:: Provided data ::

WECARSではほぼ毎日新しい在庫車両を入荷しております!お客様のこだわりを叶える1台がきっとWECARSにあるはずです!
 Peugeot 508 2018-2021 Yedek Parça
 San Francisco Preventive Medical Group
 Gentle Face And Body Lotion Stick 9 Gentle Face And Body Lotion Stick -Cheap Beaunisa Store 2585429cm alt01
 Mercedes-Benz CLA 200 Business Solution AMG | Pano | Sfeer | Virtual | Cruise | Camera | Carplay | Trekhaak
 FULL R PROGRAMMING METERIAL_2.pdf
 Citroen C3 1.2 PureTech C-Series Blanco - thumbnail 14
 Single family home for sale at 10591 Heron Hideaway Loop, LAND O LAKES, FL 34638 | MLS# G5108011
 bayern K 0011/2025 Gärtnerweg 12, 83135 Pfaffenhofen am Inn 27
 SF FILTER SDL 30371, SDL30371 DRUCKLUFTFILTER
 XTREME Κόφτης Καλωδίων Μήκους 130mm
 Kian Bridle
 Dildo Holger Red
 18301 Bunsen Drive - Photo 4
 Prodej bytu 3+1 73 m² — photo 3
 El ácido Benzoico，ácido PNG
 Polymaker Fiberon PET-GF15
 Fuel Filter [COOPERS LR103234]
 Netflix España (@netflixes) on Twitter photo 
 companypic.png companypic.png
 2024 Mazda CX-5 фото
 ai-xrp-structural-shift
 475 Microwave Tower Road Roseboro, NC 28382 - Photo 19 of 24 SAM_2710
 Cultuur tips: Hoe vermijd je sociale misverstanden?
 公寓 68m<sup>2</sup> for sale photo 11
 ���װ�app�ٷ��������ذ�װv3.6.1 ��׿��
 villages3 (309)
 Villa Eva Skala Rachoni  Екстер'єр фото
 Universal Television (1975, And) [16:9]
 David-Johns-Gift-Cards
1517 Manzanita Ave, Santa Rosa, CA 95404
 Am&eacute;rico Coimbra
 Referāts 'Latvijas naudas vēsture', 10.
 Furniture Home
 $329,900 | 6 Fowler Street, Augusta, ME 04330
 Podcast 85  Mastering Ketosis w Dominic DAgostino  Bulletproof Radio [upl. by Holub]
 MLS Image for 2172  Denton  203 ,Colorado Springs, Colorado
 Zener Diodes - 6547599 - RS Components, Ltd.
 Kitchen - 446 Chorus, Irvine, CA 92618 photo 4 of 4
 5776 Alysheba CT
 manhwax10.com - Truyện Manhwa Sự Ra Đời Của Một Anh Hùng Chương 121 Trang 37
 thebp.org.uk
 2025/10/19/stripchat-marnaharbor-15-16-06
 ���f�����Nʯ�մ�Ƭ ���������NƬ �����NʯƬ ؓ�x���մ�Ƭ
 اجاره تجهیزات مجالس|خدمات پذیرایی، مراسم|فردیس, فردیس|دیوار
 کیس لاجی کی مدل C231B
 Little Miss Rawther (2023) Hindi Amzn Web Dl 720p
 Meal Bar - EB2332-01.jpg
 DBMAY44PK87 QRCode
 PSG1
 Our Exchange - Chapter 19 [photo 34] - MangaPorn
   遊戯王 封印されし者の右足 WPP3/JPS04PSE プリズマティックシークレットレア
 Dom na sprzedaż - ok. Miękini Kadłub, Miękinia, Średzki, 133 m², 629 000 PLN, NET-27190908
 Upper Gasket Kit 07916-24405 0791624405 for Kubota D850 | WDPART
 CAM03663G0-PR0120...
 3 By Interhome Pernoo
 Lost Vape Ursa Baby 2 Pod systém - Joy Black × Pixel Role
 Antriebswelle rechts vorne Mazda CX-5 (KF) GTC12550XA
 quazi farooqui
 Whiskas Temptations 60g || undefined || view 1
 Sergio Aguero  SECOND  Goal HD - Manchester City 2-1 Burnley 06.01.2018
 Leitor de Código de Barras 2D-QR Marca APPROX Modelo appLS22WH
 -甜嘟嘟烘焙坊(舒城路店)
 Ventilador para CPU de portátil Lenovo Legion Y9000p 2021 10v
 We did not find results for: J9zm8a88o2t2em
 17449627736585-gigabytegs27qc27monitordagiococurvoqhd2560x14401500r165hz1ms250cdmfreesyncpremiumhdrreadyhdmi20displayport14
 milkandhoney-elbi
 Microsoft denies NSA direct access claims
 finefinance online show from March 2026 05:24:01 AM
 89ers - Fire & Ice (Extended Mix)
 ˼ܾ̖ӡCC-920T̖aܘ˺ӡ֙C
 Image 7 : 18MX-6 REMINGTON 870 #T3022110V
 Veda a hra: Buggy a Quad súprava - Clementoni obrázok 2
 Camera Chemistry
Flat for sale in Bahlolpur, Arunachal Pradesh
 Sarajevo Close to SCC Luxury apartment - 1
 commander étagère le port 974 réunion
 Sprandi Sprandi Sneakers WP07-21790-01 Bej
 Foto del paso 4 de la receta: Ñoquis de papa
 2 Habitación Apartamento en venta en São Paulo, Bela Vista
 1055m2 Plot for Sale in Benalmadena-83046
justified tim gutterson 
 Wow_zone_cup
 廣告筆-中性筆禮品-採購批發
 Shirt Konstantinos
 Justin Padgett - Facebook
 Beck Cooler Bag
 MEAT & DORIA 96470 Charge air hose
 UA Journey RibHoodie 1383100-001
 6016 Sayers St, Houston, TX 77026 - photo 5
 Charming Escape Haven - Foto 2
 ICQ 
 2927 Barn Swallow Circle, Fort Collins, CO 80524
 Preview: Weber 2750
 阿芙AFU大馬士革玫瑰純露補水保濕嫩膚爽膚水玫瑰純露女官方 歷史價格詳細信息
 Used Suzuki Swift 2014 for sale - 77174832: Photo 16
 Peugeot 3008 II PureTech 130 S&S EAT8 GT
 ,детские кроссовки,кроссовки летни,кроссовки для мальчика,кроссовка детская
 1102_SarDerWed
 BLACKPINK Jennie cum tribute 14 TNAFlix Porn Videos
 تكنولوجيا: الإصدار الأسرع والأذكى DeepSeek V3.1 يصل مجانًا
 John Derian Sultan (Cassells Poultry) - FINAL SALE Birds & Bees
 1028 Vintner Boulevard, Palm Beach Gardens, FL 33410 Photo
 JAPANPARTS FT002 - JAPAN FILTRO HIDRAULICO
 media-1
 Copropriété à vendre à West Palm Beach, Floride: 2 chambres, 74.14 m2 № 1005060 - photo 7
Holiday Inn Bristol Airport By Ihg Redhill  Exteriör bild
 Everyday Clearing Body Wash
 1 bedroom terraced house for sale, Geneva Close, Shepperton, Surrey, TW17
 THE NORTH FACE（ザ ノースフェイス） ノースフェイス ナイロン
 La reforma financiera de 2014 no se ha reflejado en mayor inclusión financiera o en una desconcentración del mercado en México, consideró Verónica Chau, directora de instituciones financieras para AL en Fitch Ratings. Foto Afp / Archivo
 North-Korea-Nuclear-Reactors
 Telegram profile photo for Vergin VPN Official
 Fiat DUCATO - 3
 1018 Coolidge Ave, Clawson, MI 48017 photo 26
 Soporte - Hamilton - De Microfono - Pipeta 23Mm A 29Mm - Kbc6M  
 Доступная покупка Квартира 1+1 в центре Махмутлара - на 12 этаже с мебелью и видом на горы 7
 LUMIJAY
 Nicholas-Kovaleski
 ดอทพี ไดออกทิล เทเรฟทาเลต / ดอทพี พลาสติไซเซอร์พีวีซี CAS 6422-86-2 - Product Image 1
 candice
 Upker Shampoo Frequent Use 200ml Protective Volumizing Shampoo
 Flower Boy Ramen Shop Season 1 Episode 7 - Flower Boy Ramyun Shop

:::

Exercise goal: Starting at the line with "Peugeot 3008 II PureTech 130 S&S EAT8 GT", copy every line down to the last one above, exactly as written and with nothing else.

Exercise result:
 Peugeot 3008 II PureTech 130 S&S EAT8 GT
 ,детские кроссовки,кроссовки летни,кроссовки для мальчика,кроссовка детская
 1102_SarDerWed
 BLACKPINK Jennie cum tribute 14 TNAFlix Porn Videos
 تكنولوجيا: الإصدار الأسرع والأذكى DeepSeek V3.1 يصل مجانًا
 John Derian Sultan (Cassells Poultry) - FINAL SALE Birds & Bees
 1028 Vintner Boulevard, Palm Beach Gardens, FL 33410 Photo
 JAPANPARTS FT002 - JAPAN FILTRO HIDRAULICO
 media-1
 Copropriété à vendre à West Palm Beach, Floride: 2 chambres, 74.14 m2 № 1005060 - photo 7
Holiday Inn Bristol Airport By Ihg Redhill  Exteriör bild
 Everyday Clearing Body Wash
 1 bedroom terraced house for sale, Geneva Close, Shepperton, Surrey, TW17
 THE NORTH FACE（ザ ノースフェイス） ノースフェイス ナイロン
 La reforma financiera de 2014 no se ha reflejado en mayor inclusión financiera o en una desconcentración del mercado en México, consideró Verónica Chau, directora de instituciones financieras para AL en Fitch Ratings. Foto Afp / Archivo
 North-Korea-Nuclear-Reactors
 Telegram profile photo for Vergin VPN Official
 Fiat DUCATO - 3
 1018 Coolidge Ave, Clawson, MI 48017 photo 26
 Soporte - Hamilton - De Microfono - Pipeta 23Mm A 29Mm - Kbc6M  
 Доступная покупка Квартира 1+1 в центре Махмутлара - на 12 этаже с мебелью и видом на горы 7
 LUMIJAY
 Nicholas-Kovaleski
 ดอทพี ไดออกทิล เทเรฟทาเลต / ดอทพี พลาสติไซเซอร์พีวีซี CAS 6422-86-2 - Product Image 1
 candice
 Upker Shampoo Frequent Use 200ml Protective Volumizing Shampoo
 Flower Boy Ramen Shop Season 1 Episode 7 - Flower Boy Ramyun Shop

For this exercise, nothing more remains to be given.